Hace unos años, cuando Teo empezó a jugar, enseguida nos pidieron que cada niño llevara su botellita. A los entrenamientos y a los partidos. Cuando entrenan, dejan las botellas en un rincón del campo y se acercan a ellas durante las transiciones de un ejercicio a otro. En los partidos pegan un trago cuando los cambian y pasan un rato en el banquillo. Este sencillo mecanismo, por lo visto, era imposible de asumir hace unas décadas. Como sociedad no estábamos preparados para el desafío. Llevar una pequeña botella de agua para combatir la sed era una idea que escapaba a nuestro conocimiento. Las mejores mentes de nuestra generación estarían a lo suyo. Solo los ciclistas eran merecedores de ese privilegio a finales del pasado siglo.
Esta dinámica inexplicable nos perseguía más allá del fútbol organizado. En verano, en el pueblo, llenábamos nuestros bidones de agua si íbamos a algún lado con la bici, pero nos condenábamos a la sed si tocaba partido de fútbol. De verdad que no me lo explico. Íbamos a jugar a un prado llamado prao y a nadie se le ocurría llevar agua encima. Podíamos estar horas al borde del desmayo. No bebíamos agua hasta que volvíamos al pueblo propiamente dicho y hacíamos fila para beber en una fuente llamada la fuente, porque no había otra. Fuente donde a veces, para beber, teníamos que apartar a las ovejas, pero esa es otra historia ajena a esta historia y la Comunidad Económica Europea.
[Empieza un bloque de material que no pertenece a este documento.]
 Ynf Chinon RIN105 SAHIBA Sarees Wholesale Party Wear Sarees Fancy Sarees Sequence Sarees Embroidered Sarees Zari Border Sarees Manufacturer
Esto tampoco lo vivirá mi hijo. Ya no se juega a fútbol en el prao, porque sembraron el prao y en el pueblo construyeron una pista de futbito. Teo ya no pasa sed, porque al lado hay un bar y otra fuente sin ovejas, porque ya no hay ovejas. Creo que primero unos rusos compraron rebaños, o algo así me contó mi padre, pero ya no hay rebaños y yo nunca vi a los rusos.
El agua. El caso es el agua. Cuando, por desgracia, no puedo ver los entrenamientos de mi hijo porque trabajo hasta tarde en el periódico (casi siempre), Teo coge el teléfono móvil de su madre y me envía por WhatsApp, antes de acostarse, un audio explicativo. Me cuenta cómo le ha ido el día, sus movidas, y se recrea con especial detalle en la descripción del entrenamiento.
Después, cuando vuelvo a casa pasada la medianoche, y mientras caliento la cena en el microondas, asomo por las habitaciones de mis hijos. Todos duermen. Delia siempre está enrollada en el nórdico y con la cabeza tapada. Álvaro, el bebé, se amarra en escorzo a su madre. Y Teo, por supuesto, duerme destapado y con los pies en la almohada. Una pizca de paradoja: ese pequeño caos postural es para mí la tranquilidad máxima.
Pasa poco tiempo hasta que Teo grita para pedir agua. Estoy empezando a sospechar que no es por la sed, porque a veces ni bebe. Casi siempre me llama cuando no me ha visto en todo el día. Pensar eso convierte la pereza de levantarte de la cama en algo bonito. Por si acaso, y copiando a los genios del fútbol, ahora siempre dejamos una botellita en la mesilla.